Twelve Iquito speakers at lunch in their honor (2004); Hermenegildo Díaz Cuyasa is in the back row, far left, and Jaime Pacaya Inuma, far right.

I was stumped by this state of affairs, and in the Iquito dictionary I just decided to indicate that pɨsɨkɨ was Tapirus terrestris, and that ariyuukʷaaha denoted a smaller variety of tapir which speakers identified as a distinct species. I was never fully satisfied by the this, however. How could biologists miss a wholly distinct species of mammal as large as a tapir? But on the other hand, how could a people who hunted tapirs regularly be wrong about a species distinction like this?

I expected this to be one of those numerous mysteries that crop up in fieldwork that are never resolved, and was thus very excited when I read about the discovery of a new species of tapir, Tapirus kabomani, which, crucially, is smaller than Tapirus terrestris. The original Cozzuol et al. BioOne article which announces the discovery can be found here. Interestingly, evidence for this species has been found in various locations in the lowland South America, including one location a mere 240 miles northeast of Iquito territory, suggesting that the Iquito ariyuukʷaaha is Tapirus kabomani.

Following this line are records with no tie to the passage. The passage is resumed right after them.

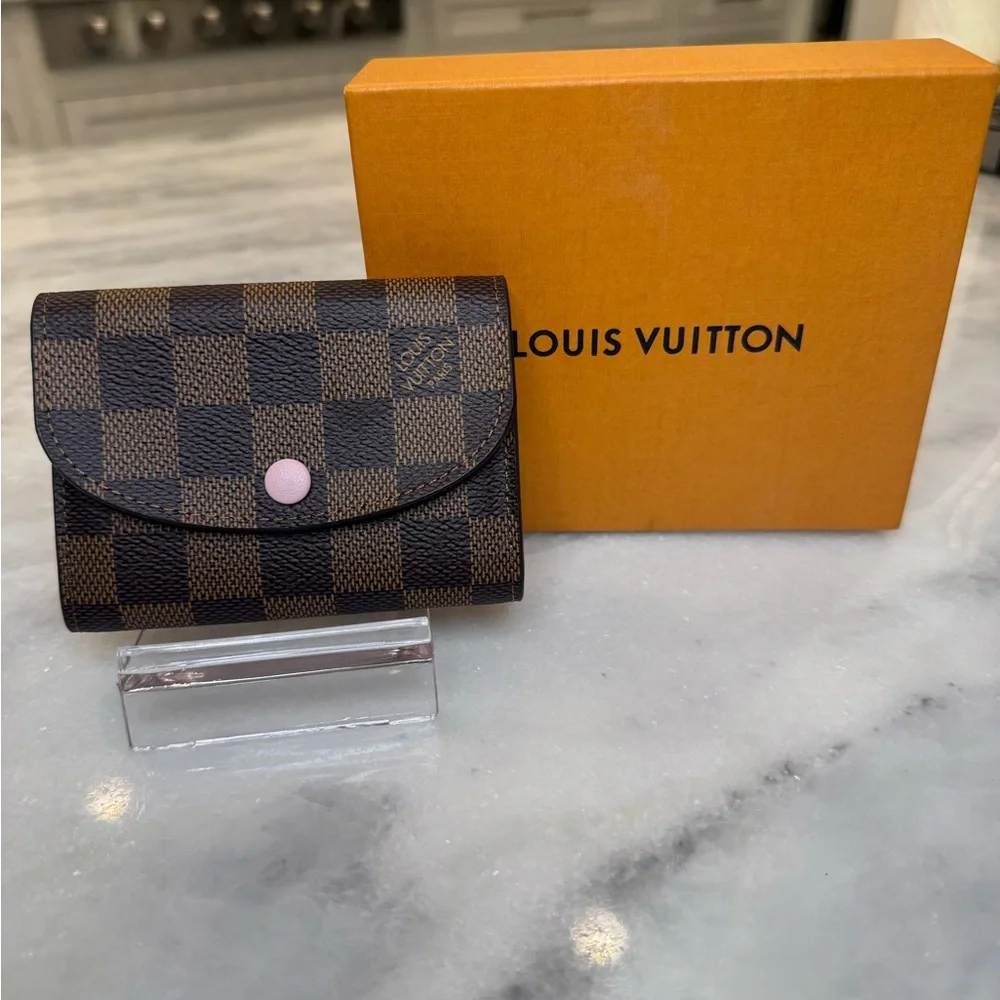 🩷NIB🩷 Louis Vuitton Damier Ebene Rosalie Wallet with Pink Leather - Full Set! - Picture 2 of 8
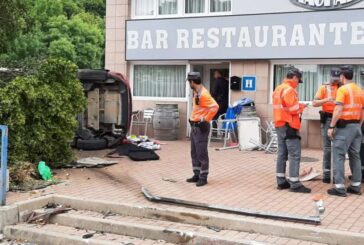 Trasladadas al HUN tras imparta un coche en la terraza del Bar en Irúrzun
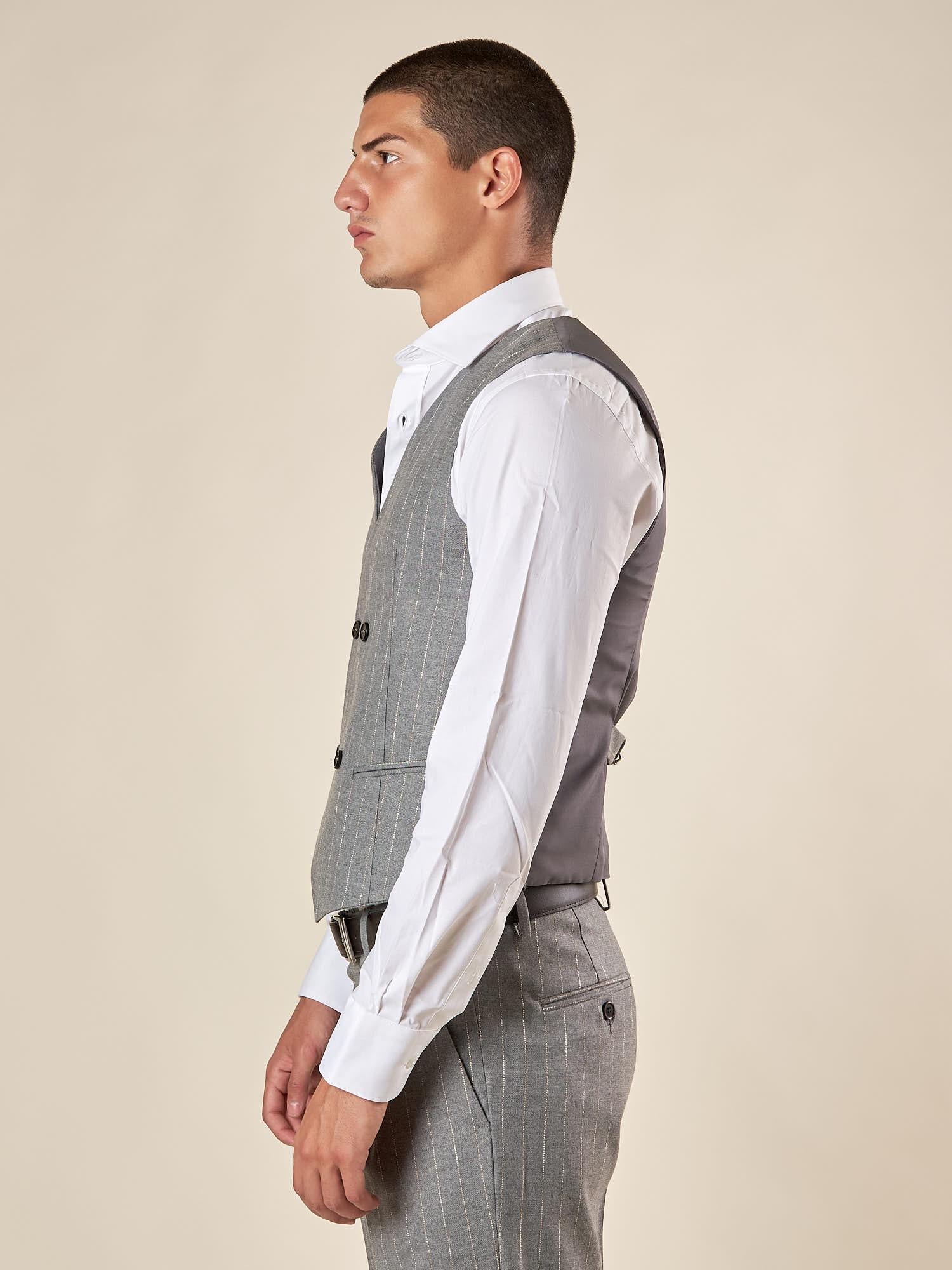 Gilet da Uomo Doppio Petto in Tessuto Gessato  Eleganza Sartoriale con Tasche a Frisi OE12W5I01 GRIGIO OVER-D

Although the potential solution to the ariyuukʷaaha mystery is quite satisfying, it is worth pointing out that the ‘discovery’ in question is of course a curious one, in that the existence of this second species of tapir is no news to several Amazonian peoples, as Cozzuol et al. themselves point out. Although reports by indigenous peoples of this species to Western scientists date at least to an early 19th century mention of this species to Carl Friedrich Philip von Martius (see here), biologists never pursued this lead systematically, and thereby managed to miss identifying a quite massive mammal. Whatever the lesson for biologists in this story, as a field linguist who spends a reasonable amount of time concerned with ethnobiological matters as part of lexical work, this experience has left me with a renewed appreciation for how seriously we should take indigenous ethnobiological knowledge.

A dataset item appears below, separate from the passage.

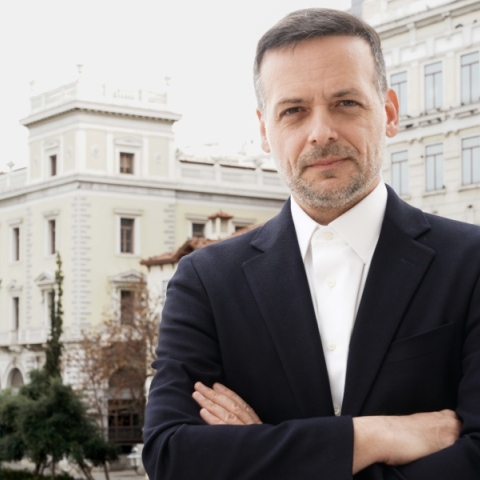 Παγκόσμια Ημέρα Ποίησης: Ο δήμαρχος Αθηναίων Χάρης Δούκας γράφει στην Athens Voice για τον κόσμο της πολιτικής και της ποίησης.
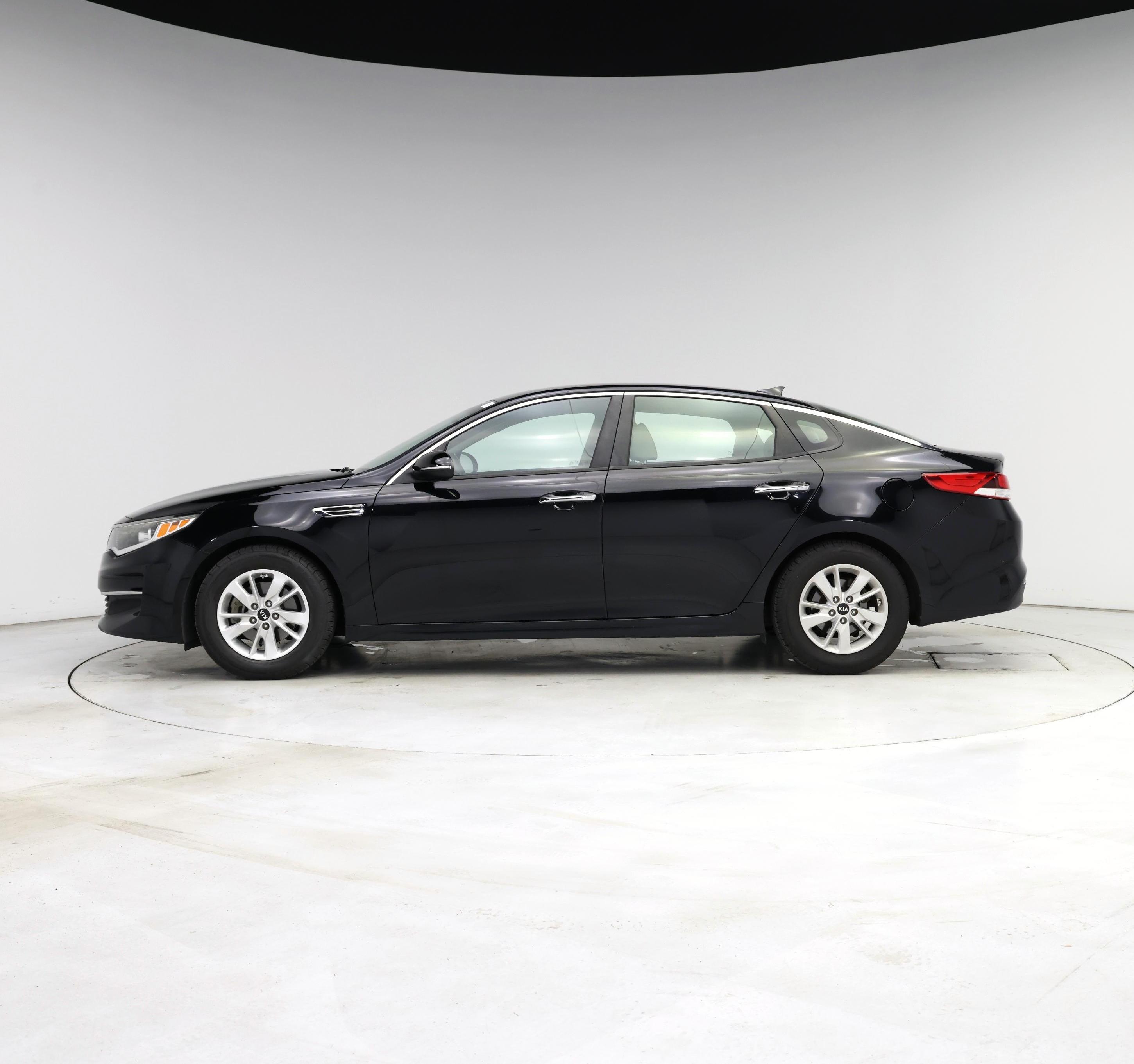 Thumbnail: 2016 Kia Optima - 3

(1) In my experience, mammalian ethnobiological terminology is ‘easy’ in the sense that either there are few similar-looking species within a given genus in any given area, making species identification comparatively easy (e.g. within the genus Ateles), or there are a large number of similar-looking species, but there is a single ethnobiological term employed for the entire genus, or sometimes only two terms for an entire order, like bats (Chiroptera; the peoples I have worked with in the Amazon Basin make a two way terminological distinction: vampire bats  vs. any other member of the order).

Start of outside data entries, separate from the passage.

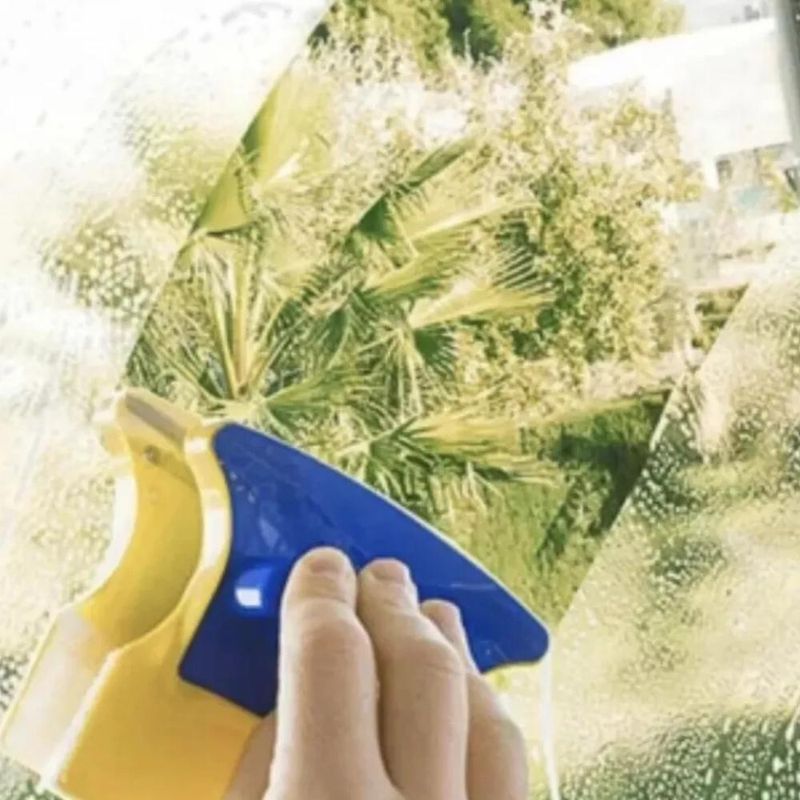 Limpador-de-Vidros-Magnetico-113x95cm-Rio-TIjuca--1-unidade-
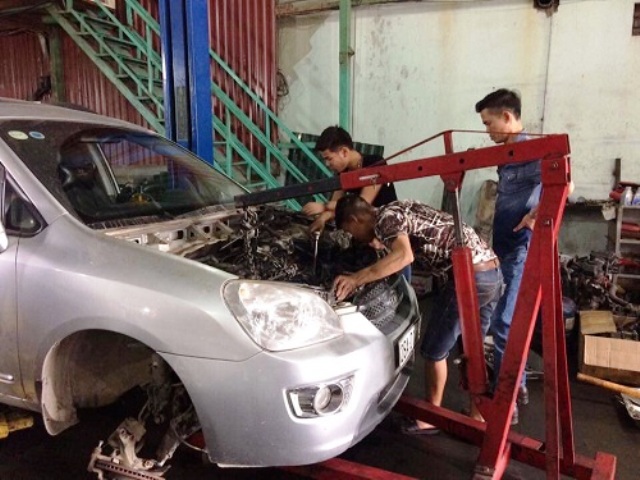 
Một chiếc xe của khách hàng đang bị tháo tung tại gara ô tô Mạnh Sơn.
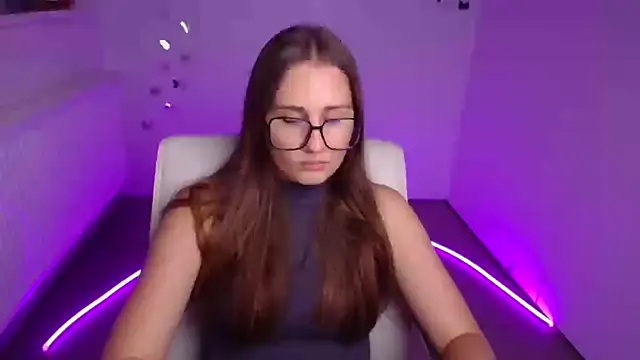 Stefanie Sweet online show from 12, 9, 2025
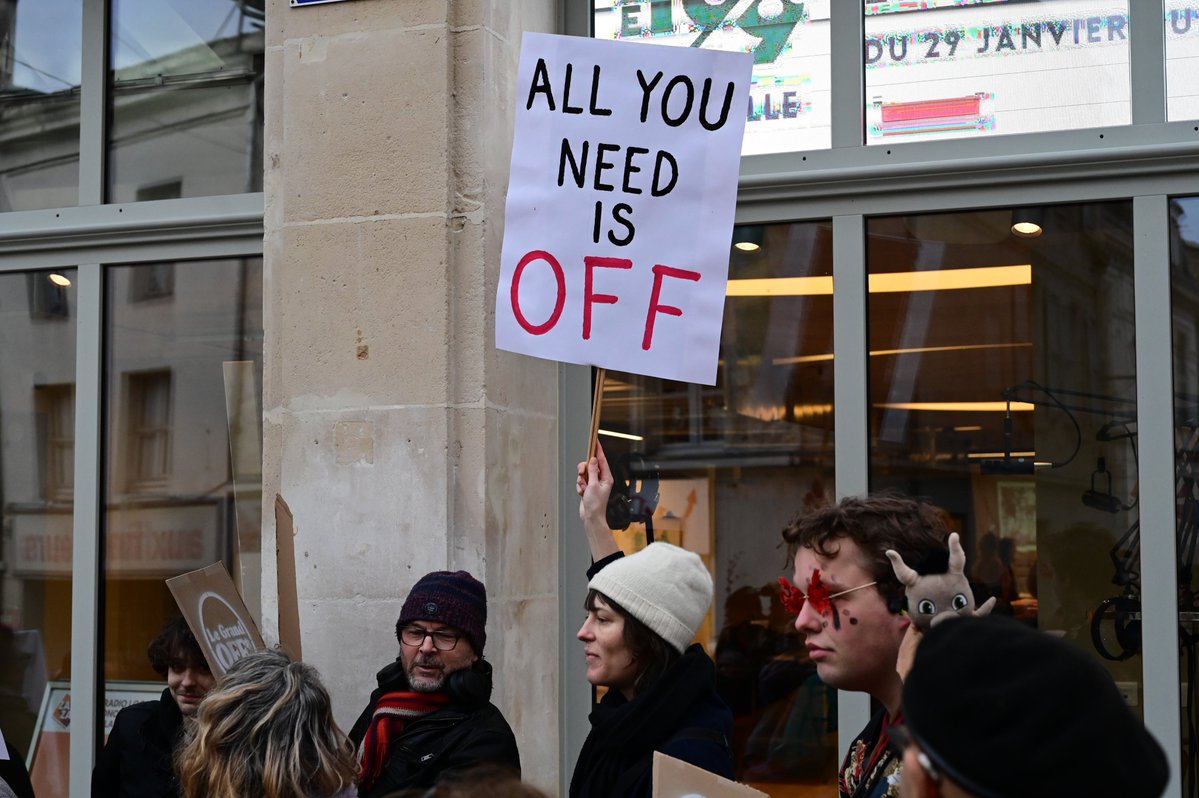 Image de Préfet de la Charente - #LeGrandOFF | C'est parti pour Le Grand Off de la bande dessinée de la Ville d'Angoulême  !

Donc, p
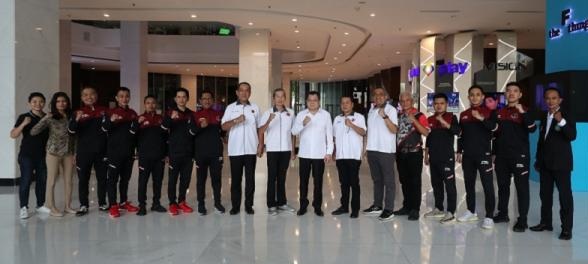 Ketum PB POBSI Hary Tanoesoedibjo Resmi Melepas Tim Pebiliar Indonesia ke SEA Games 2023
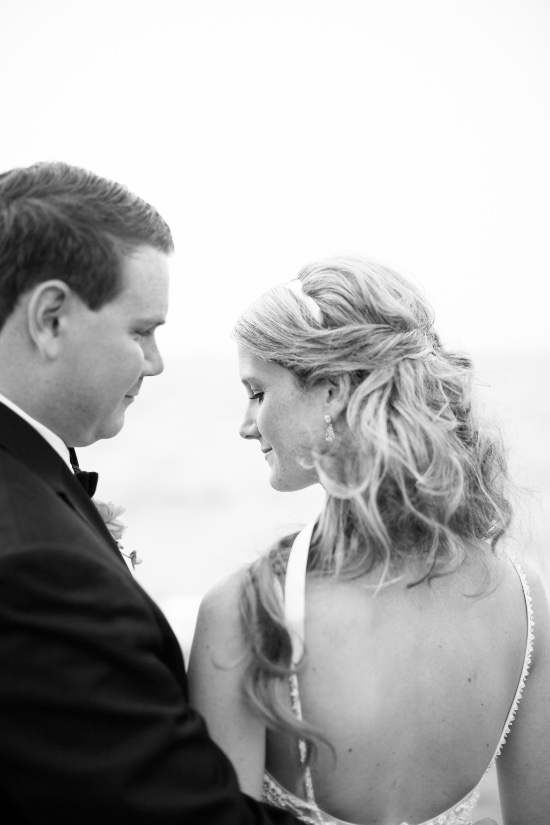 preppy-black-gold-and-white-wedding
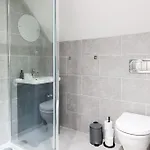 Lejlighed 1-bedroom - Walk To Station - Long Rates Leeds (West Yorkshire)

(2) I’ve run across one pervasive terminological distinction in Peruvian Amazonian languages (and local Spanish) that does not correspond to a species distinction, although speakers of these languages believe that it does: the adult and juvenile phases of Bothrop atrox. In local Spanish, for example, the adult phase is referred to as a gergón, and the juvenile phase as a cascabel, and it is believed that they are distinct species.